***
Polacy, którzy wybierają się do Indonezji na wakacje muszą starać
się o wizę turystyczną na okres max. 30 dni. Ja posiadam tak zwaną wizę
socjalno-kulturową na okres dwóch miesięcy, której ważność właśnie wygasa i wracam do Polski...
A tak
poważnie to muszę zrobić zdjęcia legitymacyjne, jechać do Surabaji i przedłużyć
ją – już nie na dwa, lecz tylko na jeden miesiąc. I tak przez trzy kolejne miesiące– aż do lipca…
jakby nie można było przedłużyć jej od razu na 3 miesiące...
Po powrocie z Bali oprócz licznych ran na ciele miałem
jeszcze problem z bolącym uchem – prawdopodobnie od nurkowania. Pak Bandżir i Bu Ummi
jak mnie zobaczyli, od razu stwierdzili,
że jedziemy do lekarza. Więc wyruszyliśmy w "tripa na miacho" zahaczając przy okazji o fotografa.

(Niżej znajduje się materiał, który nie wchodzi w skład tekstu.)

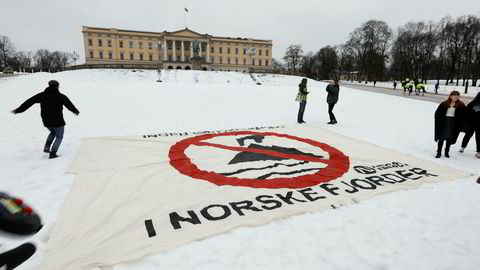Aksjon Nei til gruvedumping i Repparfjord foran slottet i Oslo fredag.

Studio nie wygląda profesjonalnie ale zdjęcia były naprawdę dobrej
jakości i wyglądały również dobrze,
no może poza twarzą, ale tego nawet najlepszy fotograf nie zmieni ;)
Kolejny punkt „wycieczki” – lekarz. Kolejka – 7 osób przede
mną. Zauważyłem w tym czasie, że każdy płaci za wizytę. Kwota nie jest wysoka i
przeważnie zależy od stopnia choroby. Kulejący facet z obandażowaną
noga przede mną zapłacił w przeliczeniu na PLN 7,50 zł…
Uczucie było nieprzyjemne i bolesne– zrywanie 3-dniowych
strupów i zakładanie nowego opatrunku... (przeżyłem).
Lekarz przepisał mi aż 4 rodzaje tabletek (w tym dwa
antybiotyki)! Przez kolejne dwa dni praktycznie nie wychodziłem z domu – pogoda
na zewnątrz nie sprzyja szybkiemu gojeniu się ran. A i tabletki działały na mnie usypiająco.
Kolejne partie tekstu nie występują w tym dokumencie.